As a recap, in the wake of the 2016 US Presidential Election, Facebook implemented a range of new restrictions and parameters around political and issues-based ads, in order to provide more transparency as to who’s funding and promoting pushes designed to influence public opinion.

A key element within this is the requirement that all advertisers who seek to run political or issue ads need to be verified.

As explained by Meta CEO Mark Zuckerberg:

“To get verified, advertisers will need to confirm their identity and location. Any advertiser who doesn’t pass will be prohibited from running political or issue ads. We will also label them and advertisers will have to show you who paid for them.”

That, essentially, has meant that any Facebook ad relating to any social issue requires both verification and a ‘paid for by’ disclaimer note, which users can tap on to learn more about the company or organization behind these campaigns.

But now, Facebook’s looking to ease back on that slightly:

“Because the primary purpose of some of these ads is not to engage in advocacy, we’re changing the way we approach a subset of them. Advertisers will no longer be required to complete the authorization process or include a “Paid for by” disclaimer to run if we determine an ad includes the below three criteria:

  1. A product or service is prominently shown in use or named or referenced in the ad;
  2. The primary purpose of the ad is to sell a product or promote a service, even if the ad content includes advocacy for a social issue; and
  3. The ad content contains a call-to-action to purchase or use the product or service.”

So now, if an ad relates to a social issue, but is explicitly selling a product, as opposed to linking back to advocacy, it won’t come under the same regulation.

Facebook has provided a few examples to illustrate the change:

“No longer a social issue ad: “Our new show, “Our Only Future,” on how we can tackle climate change will premiere next month in your city. Purchase your early-bird tickets now for €10.”

Facebook says that because this ad promotes a product, and doesn’t advocate for a social issue specifically, this would no longer require authorization and the ‘paid for by’ disclaimer.

Social issue ad: “Our leather patches just arrived. Each patch is embroidered with ‘Support refugees.’ Shop now!”

On the flip side, while this example does promote a product, it clearly states social issue advocacy messaging, so it would still require a disclaimer.

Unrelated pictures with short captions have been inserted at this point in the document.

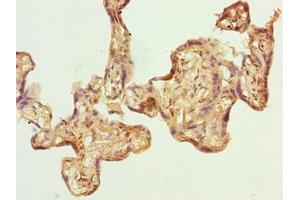 GPSM3 antibody  (AA 1-160)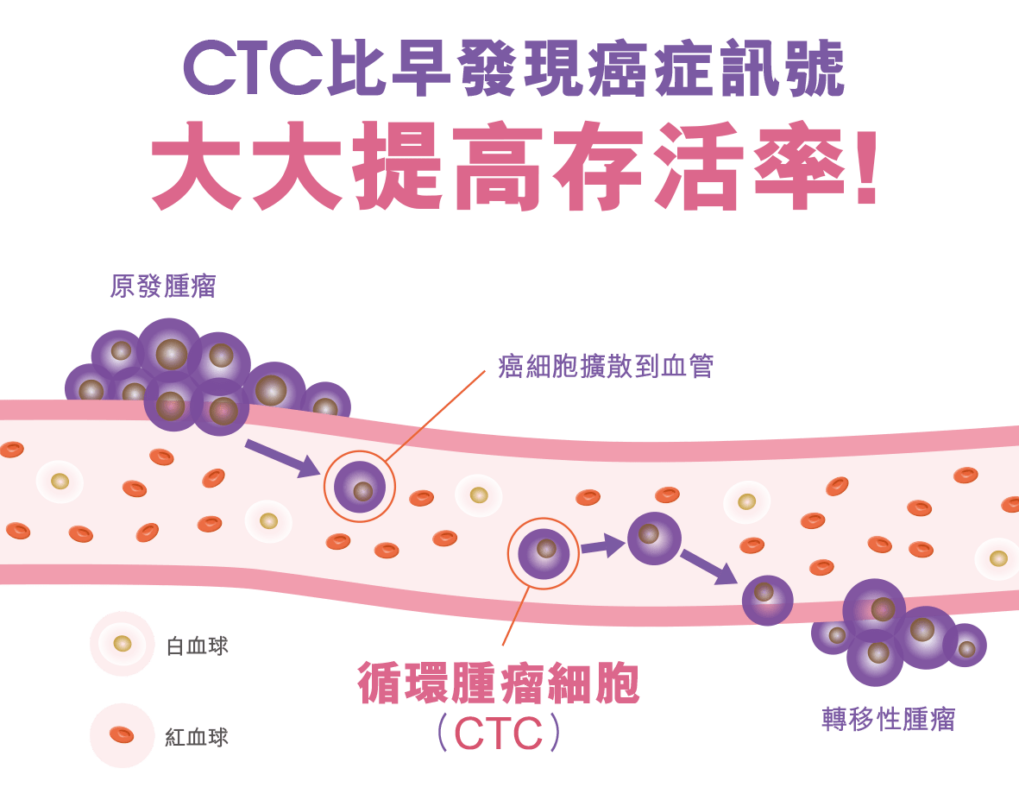 CTC癌症訊號，大大提高存活率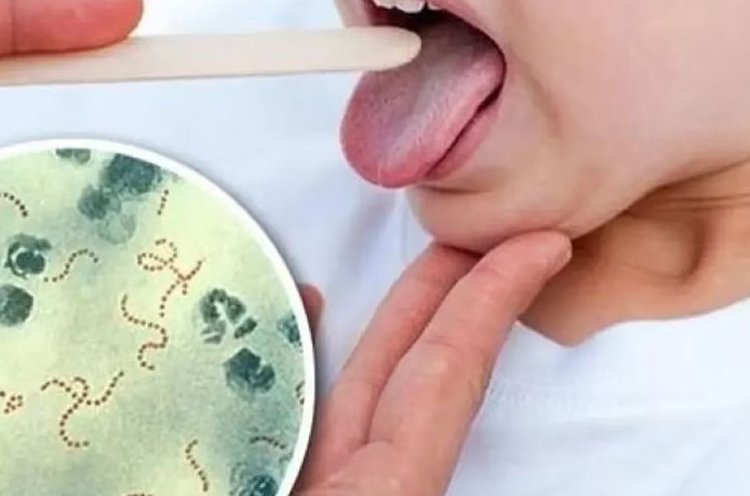 Streptococcus pyogenes: alerta por la cantidad de casos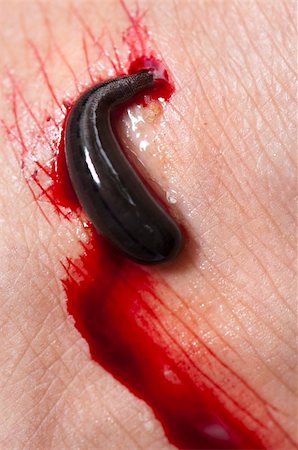 simsearch:649-09003663,k - Leech sucking blood from a leg in tropical rainforest, Malaysia, Asia. Photographie de stock - Aubaine LD & Abonnement, Code: 400-04716205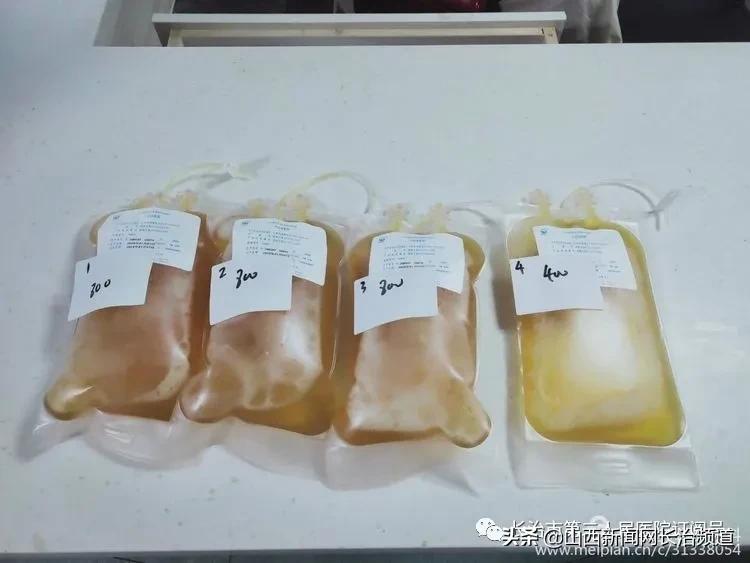 长治二院利用血浆置换术成功救治1名皮肌炎重叠干燥综合症患者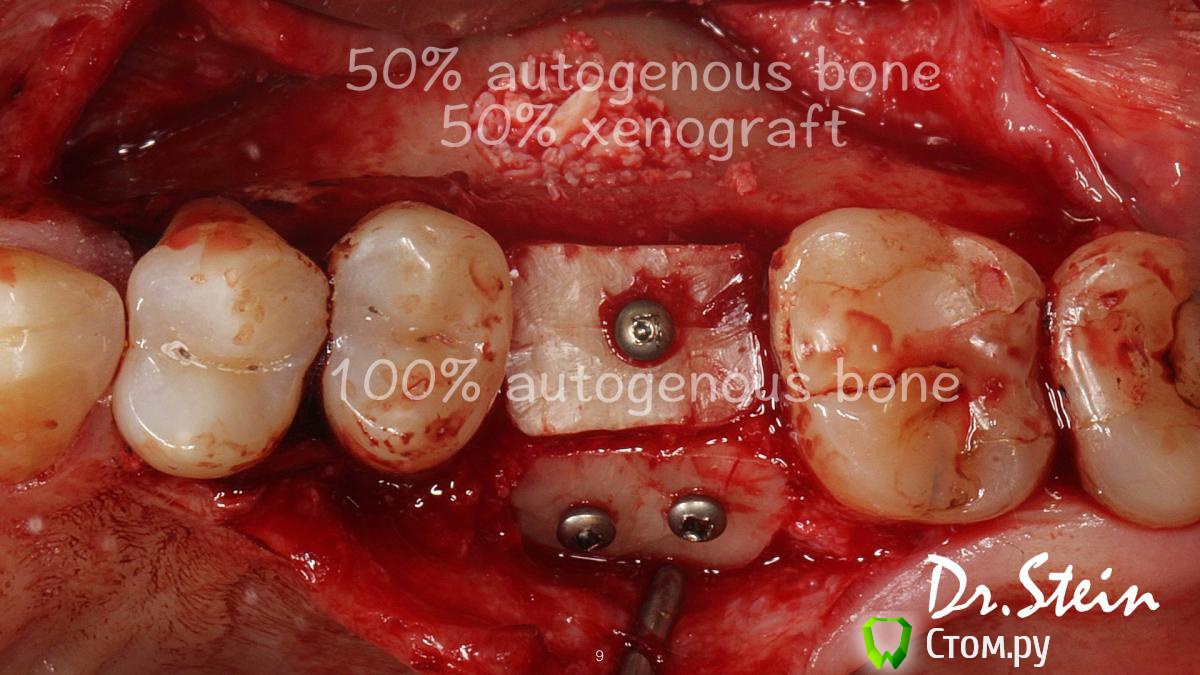 post-36969-0-60792200-1390775252_thumb.j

How that same process relates to, say, an image of a product that doesn’t include the specifics in the text, is probably harder to determine, but each ad is subject to review, and the basic push here is that brands can promote social issue related products and services, so long as the ad doesn’t specifically advocate for action or support, as such. If it does, then they can, of course, still run the ad, but they’ll need to go through the authorization process.

But even then, it seems a little confusing. Based on my reading of the three regulations noted above, this last example should actually not be classified as an issues ad, as it is focused on a product as its primary promotional CTA.

It seems likely that there will be some confusion, but the gist is that Facebook – or Meta – wants to make it easier for more brands to run more ads by reducing the onus on them to go through the more stringent steps to promote products that are tangentially related to social issues.

Honestly, it looks fairly spotty, and fairly open to misuse, but the Facebook ads team will take on responsibility for enforcement, which should hopefully limit any potential gray areas or misuse.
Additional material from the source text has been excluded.